The pivotal battle at Guilford Court House in North Carolina (March 15, 1781) was the first direct step to ultimate victory. General Charles Cornwallis “won” because Nathaniel Greene chose to retreat in order to ensure survival of his army. After the battle, Greene led his army into South Carolina and attacked British positions in the interior. British commander Charles O’Hara retreated to the safety of Charleston on the coast and noted afterwards, “Nearly one half of our best officers and soldiers were either killed or wounded…and what remains are so completely worn out by the excessive fatigues of the campaign.” “Greene had so effectively eviscerated Cornwallis’s army” at Guilford that the British had to retreat to Wilmington, North Carolina, another coastal city, for supplies and rest. Nevertheless, this “technical” win convinced the British ministry that progress was being made even though the British had effectively ceded control of the interior to the Americans.
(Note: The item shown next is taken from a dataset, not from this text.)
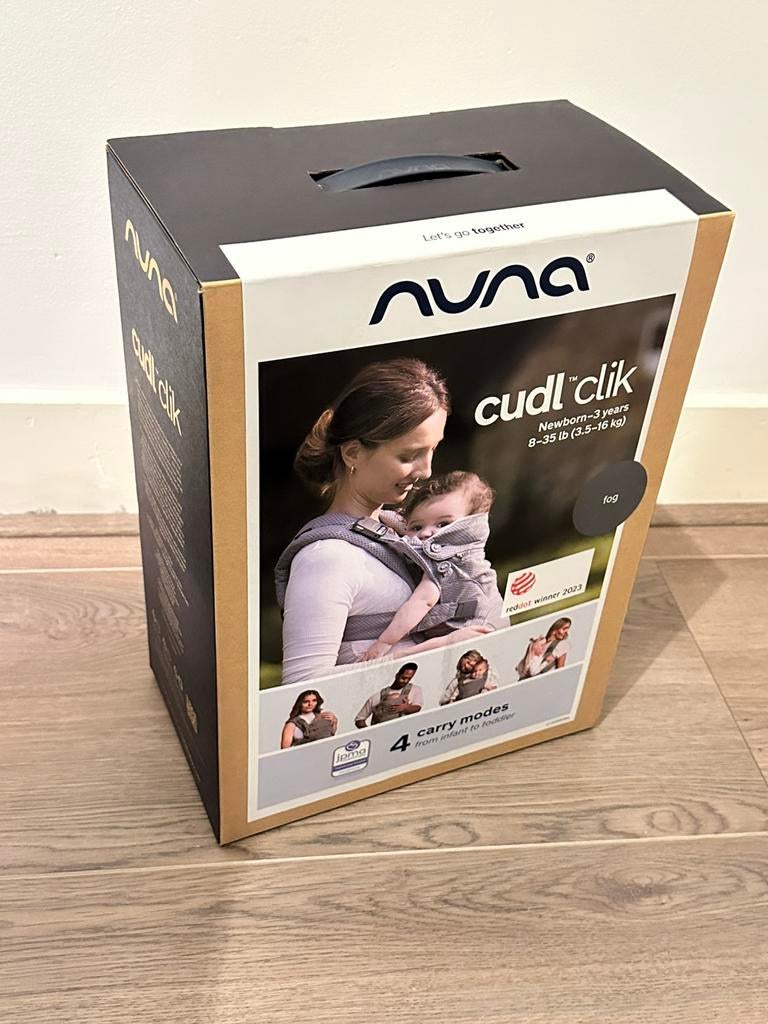 Nuna CUDL Clik draagzak - kleur Fog - zo goed als nieuw, Buik of Rug, Zo goed als nieuw, Draagzak, Ophalen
The French navy was the final weight that changed the swing of the pendulum to favor the Americans. Battles and weather combined to place the troops of General Cornwallis on a narrow peninsula at Yorktown, Virginia. In August of ’81, British troops marched south from New York while the British navy sailed north to rescue Cornwallis’s troops. When the British navy came to his rescue, the French navy attacked on September 5, 1781. No American sailors were involved, which may explain why it has garnered little attention from historians. Yet, as Philbrick explains, “the Battle of the Chesapeake has been called the most important naval engagement in the history of the world.” There was no clear winner; however, the British fleet was so severely injured that it was forced to sail to New York for repairs. Seven thousand British and German mercenaries were not rescued and that made “Washington’s subsequent victory at Yorktown a virtual fait accompli.” The upstart colonists earned a decisive victory on October 19, 1781. It took another two years until peace negotiations were finally concluded.
George Washington is mythologized as the father of our country, but Philbrick present a more nuanced individual. French major general François Chastellux wrote of Washington that as “a hero in a republic, he excites another sort of respect, which seems to spring from the sole idea, that the safety of each individual is attached to his person.” But, there was a darker, more mercurial side that brooked neither delay nor perceived disrespect. Alexander Hamilton, for example, wrote to his father-in-law that “I discovered he was neither remarkable for delicacy nor good temper.” Nor were relations between Washington and the French naval commanders cordial. At crucial times, they delayed taking action and acted precipitously without consulting Washington. Some of his genius and a key to ultimate success lay in his ability to bridle his tongue. Able to put his own ego aside, he was acting on “the great scale.” Philbrick presents a detailed portrait of Washington that makes him more real, whether railing at Hamilton or jumping for joy upon learning that the French fleet has sailed into the Chesapeake Bay. His knowledge of the sea—he could have easily become a British sailor—enabled him to see the value of naval strength as a wedge against the British and to accept some of the slights he endured.
This ten-year writing journey for Philbrick is a brilliant study of the last year of battles and skirmishes that ended the Revolutionary War. We are richer for his perseverance and the treasures of information he brings to the reader. The bibliography and extensive notes that supplement the text make for interesting and informative reading for those who wish to delve deeper into contemporary accounts. Popular history is often justifiably denigrated because it glosses over reality or tends toward hagiography; however, Philbrick elevates the genre by maintaining the highest standards of scholarship and accessible prose. It is the manner in which Philbrick fleshes out the bare bones of history that brings this story to life. One wishes that school kids could be introduced to history through such avenues instead of the dry tomes and mindless recitation of facts they must too often endure.